▶ _Materials provided_:

****************

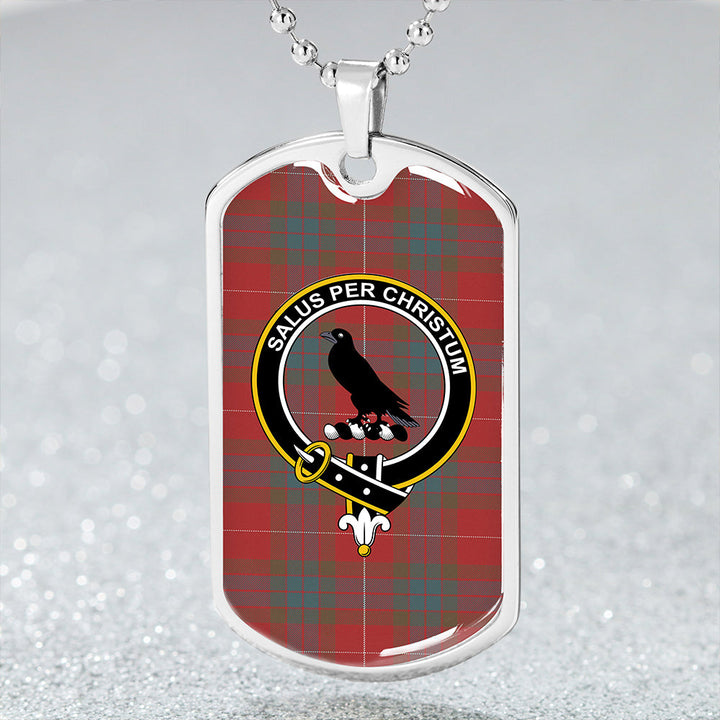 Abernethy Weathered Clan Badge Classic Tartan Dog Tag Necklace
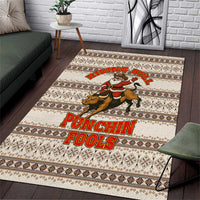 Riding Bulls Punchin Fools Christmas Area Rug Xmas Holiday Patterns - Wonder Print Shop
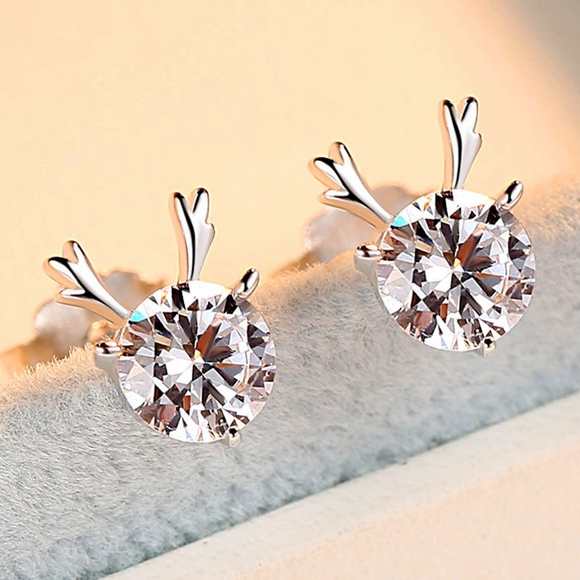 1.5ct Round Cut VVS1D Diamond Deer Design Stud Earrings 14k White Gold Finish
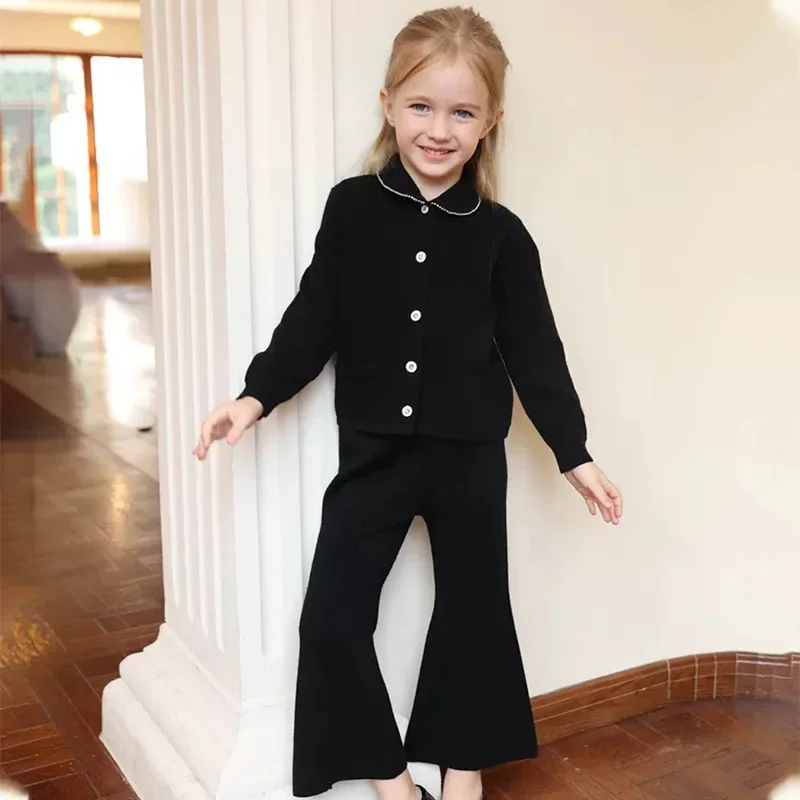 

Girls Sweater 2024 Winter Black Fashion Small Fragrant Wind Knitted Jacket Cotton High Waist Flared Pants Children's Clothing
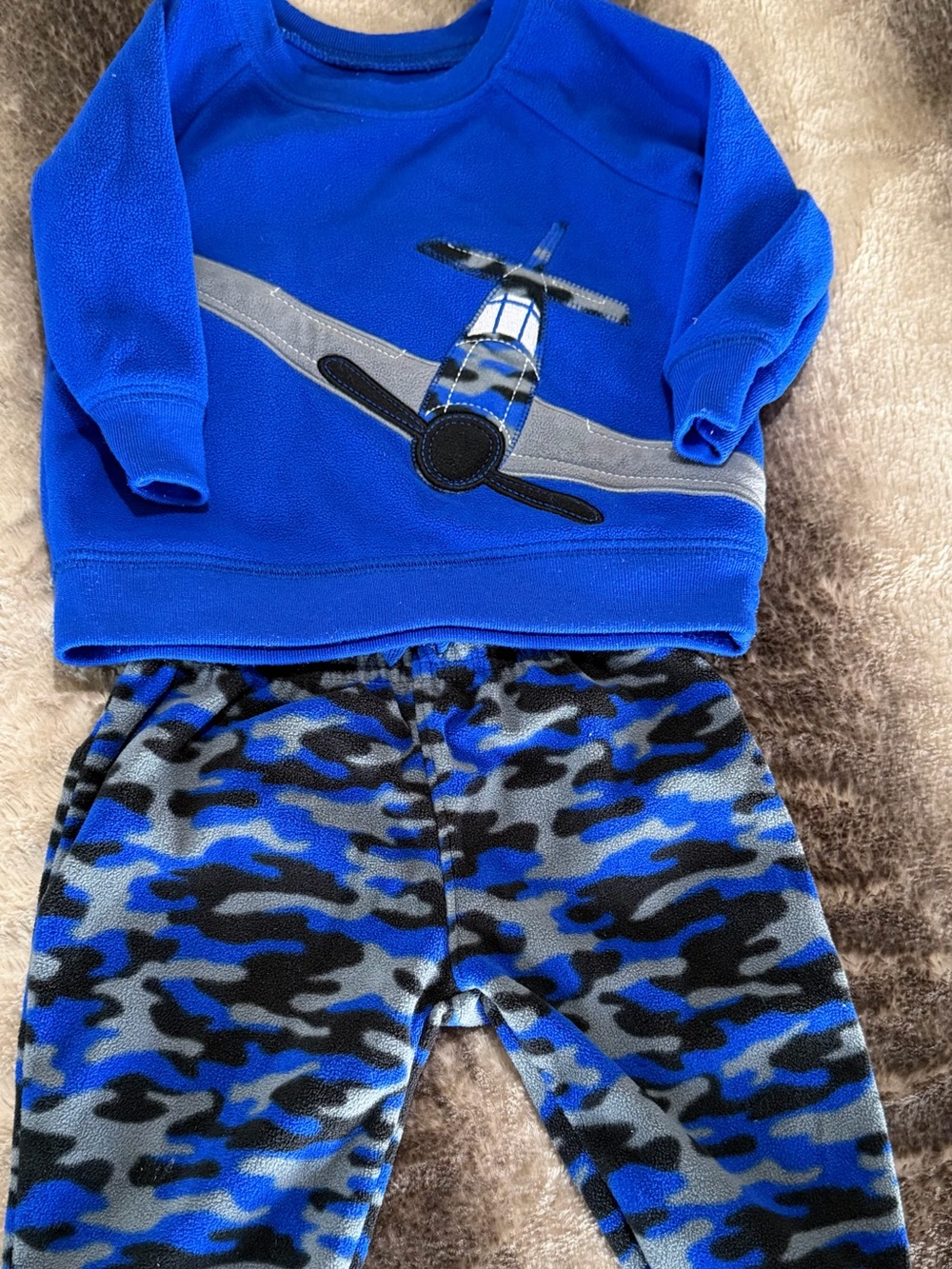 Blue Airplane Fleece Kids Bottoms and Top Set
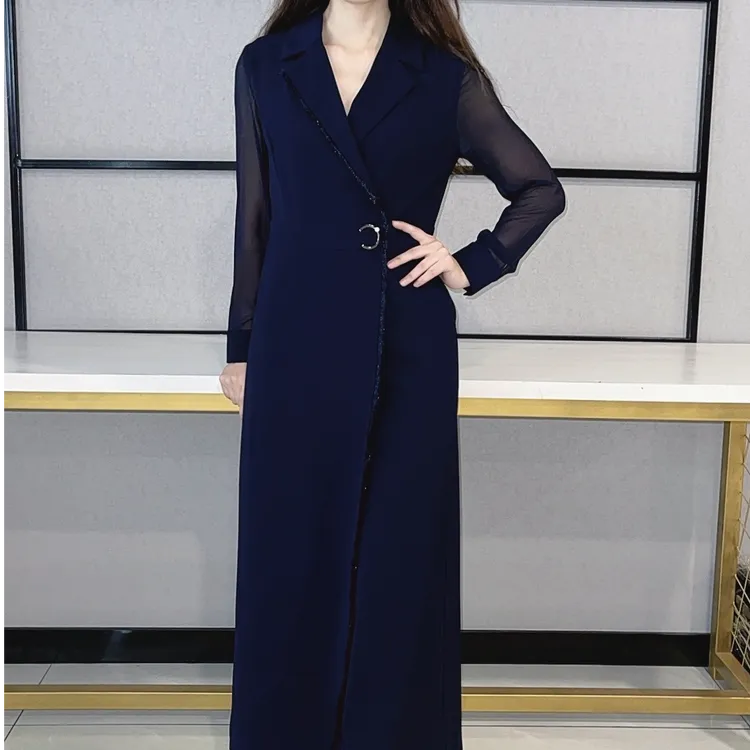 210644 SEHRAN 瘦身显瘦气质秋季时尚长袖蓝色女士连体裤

****************

In the copy, include no pictures; restate the listing above exactly.

▶ _Reply_:
 Abernethy Weathered Clan Badge Classic Tartan Dog Tag Necklace
 Riding Bulls Punchin Fools Christmas Area Rug Xmas Holiday Patterns - Wonder Print Shop
 1.5ct Round Cut VVS1D Diamond Deer Design Stud Earrings 14k White Gold Finish

Girls Sweater 2024 Winter Black Fashion Small Fragrant Wind Knitted Jacket Cotton High Waist Flared Pants Children's Clothing
 Blue Airplane Fleece Kids Bottoms and Top Set
 210644 SEHRAN 瘦身显瘦气质秋季时尚长袖蓝色女士连体裤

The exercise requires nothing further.